Outlet & Light Switch Insulation

  • Foam gaskets will insulate electrical outlets and lights switches on your home’s exterior facing walls.
  • For standard electrical outlets choose an outlet gasket.
    For standard light switch faceplates choose a flip switch gasket.
  • Each gasket can be easily trimmed to size.

Programmable Thermostats

  • A properly set programmable thermostat can reduce heating and cooling costs by up to 10%.
  • In the summer set the central air conditioner for 25°C when you are home, and 28°C when away.
  • In the winter set the thermostat at 20°C when you are home, and 18°C overnight or when away.
  • Install the thermostat on a wall where there are no vents or drafts.


  • Open soffit, roof and gable vents to let in air and control moisture, thereby preventing damage to insulation and wood (daylight should be seen through vents).
  • Ensure attic insulation doesn’t block this air movement.

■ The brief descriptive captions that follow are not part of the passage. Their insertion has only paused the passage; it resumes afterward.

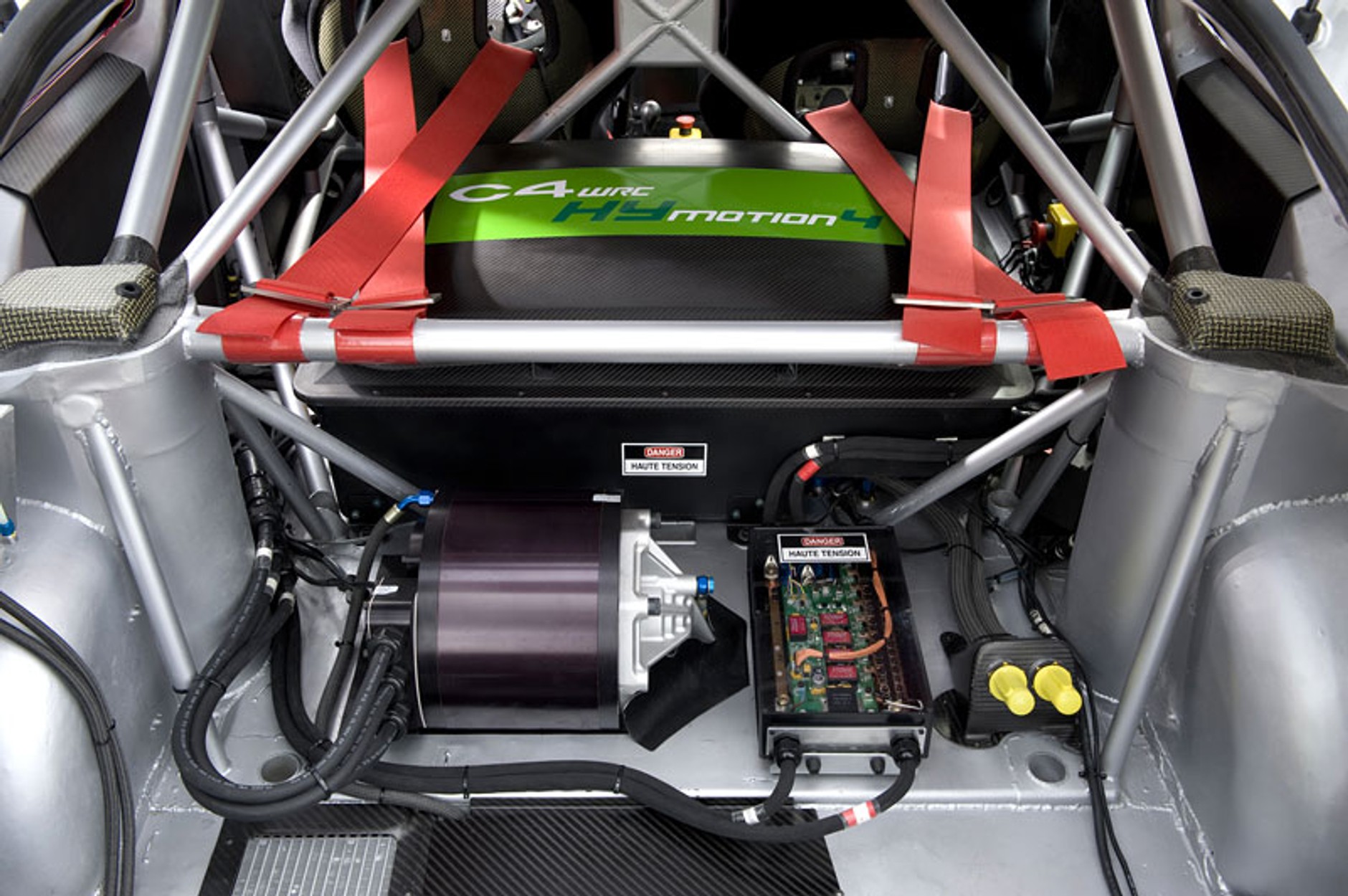 Paryż 2008: Citroën C4 WRC HYmotion4 – hybridnowy sportowiec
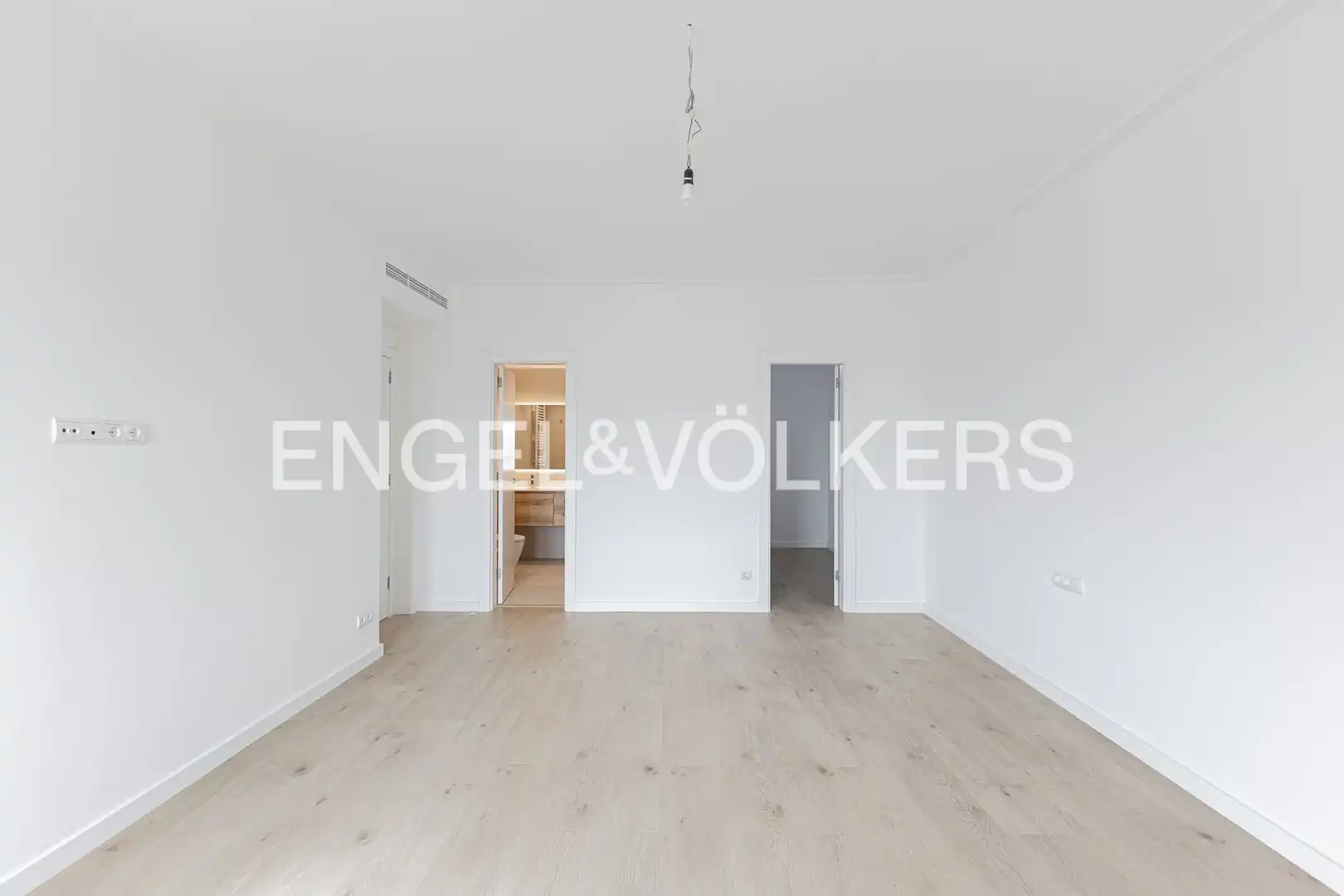 Wohnung zur Miete in Barcelona mit Klimaanlage, Heizung und Parkett
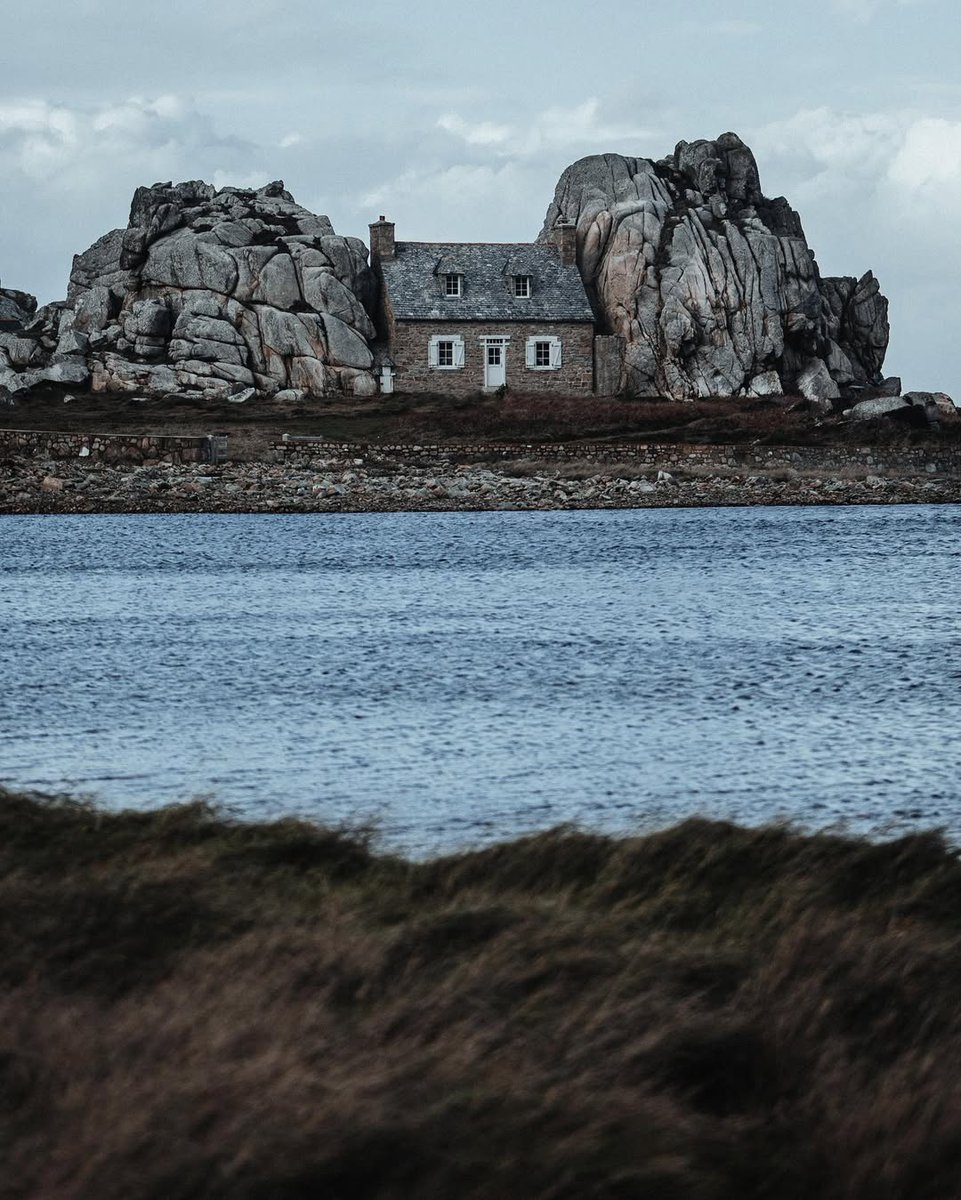 visualsofearth1's tweet image. House Between the Rocks, Brittany, France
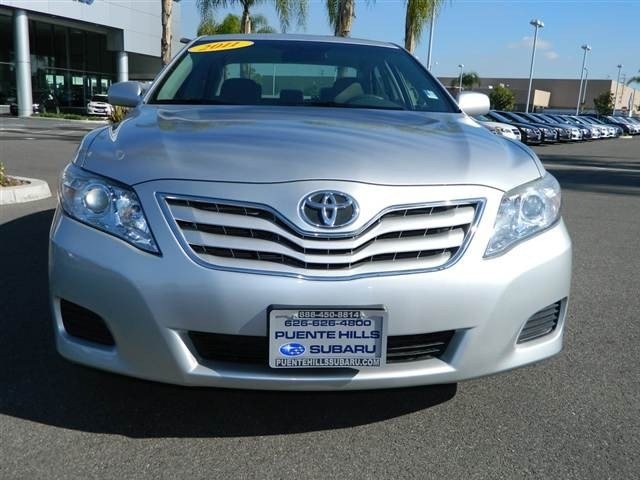 Toyota Camry 2011 photo 1
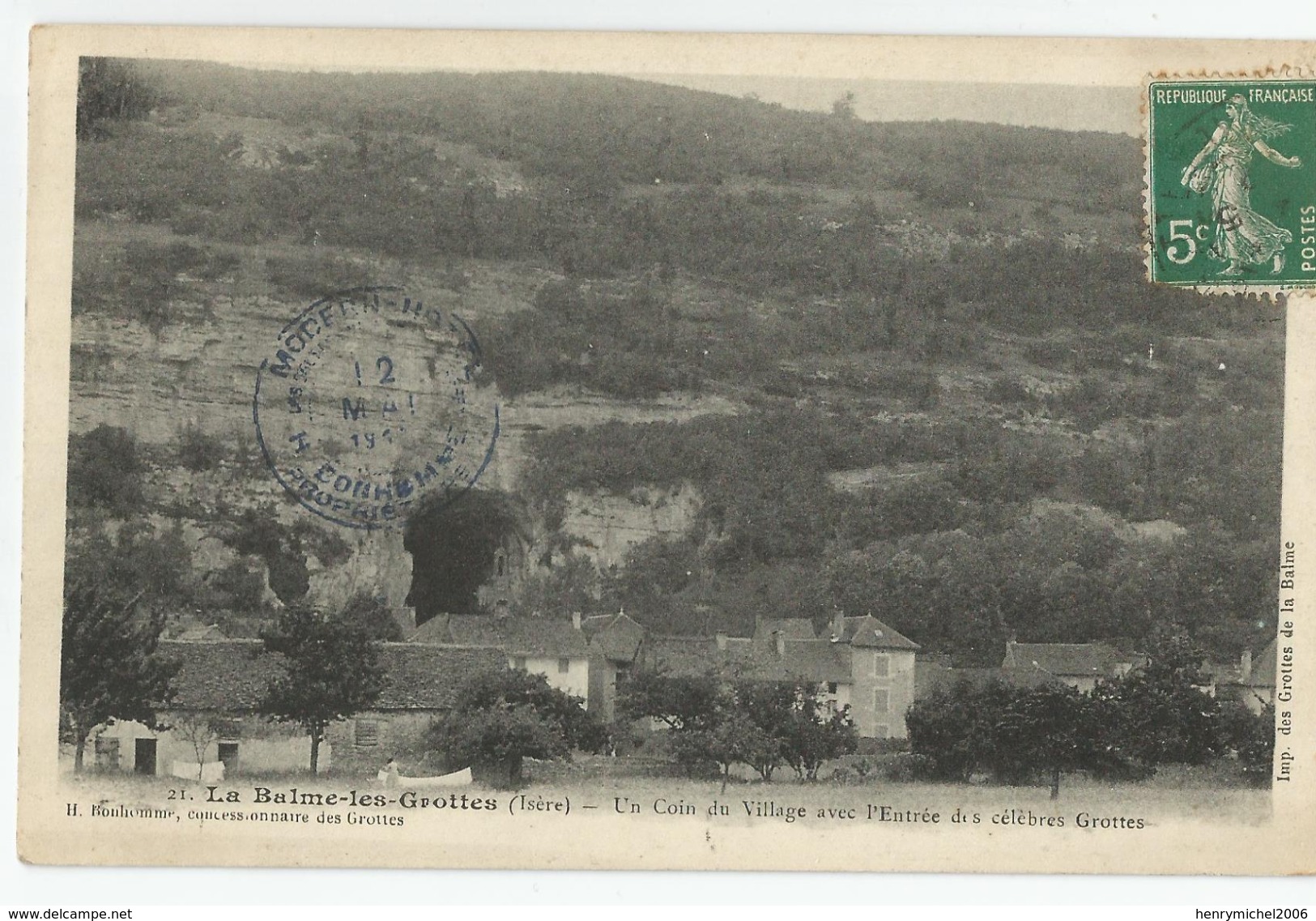 Isère - 38 - La Balme Les Grottes Un Coin Du Village Avec L'entrée Des Célèbres Ed Bonhomme Concessionaire Cachet - La Balme-les-Grottes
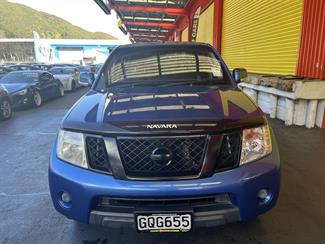 2012 Nissan Navara - Thumbnail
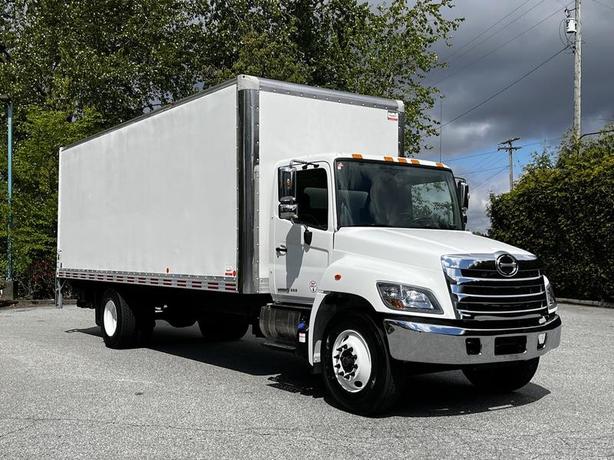 2020 Hino 338 24 Foot 5 Ton Cube Van with Maxon Power Tailgate With Hydraulic Br image 1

Weatherstripping / Caulking

  • Air leaks account for the largest amount of heat loss from your home and can add as much as 40% to your bill. Proper weather-stripping, caulking and insulation can save 5 to 15% of that heat loss and reduce your expenses. Do it yourself and save even more.
  • Seal leaks around light fixtures, plumbing stacks, windows, exterior doors, attic hatches, pipe and wire entrances, wood-burning fireplaces, electrical outlets and ceiling fans.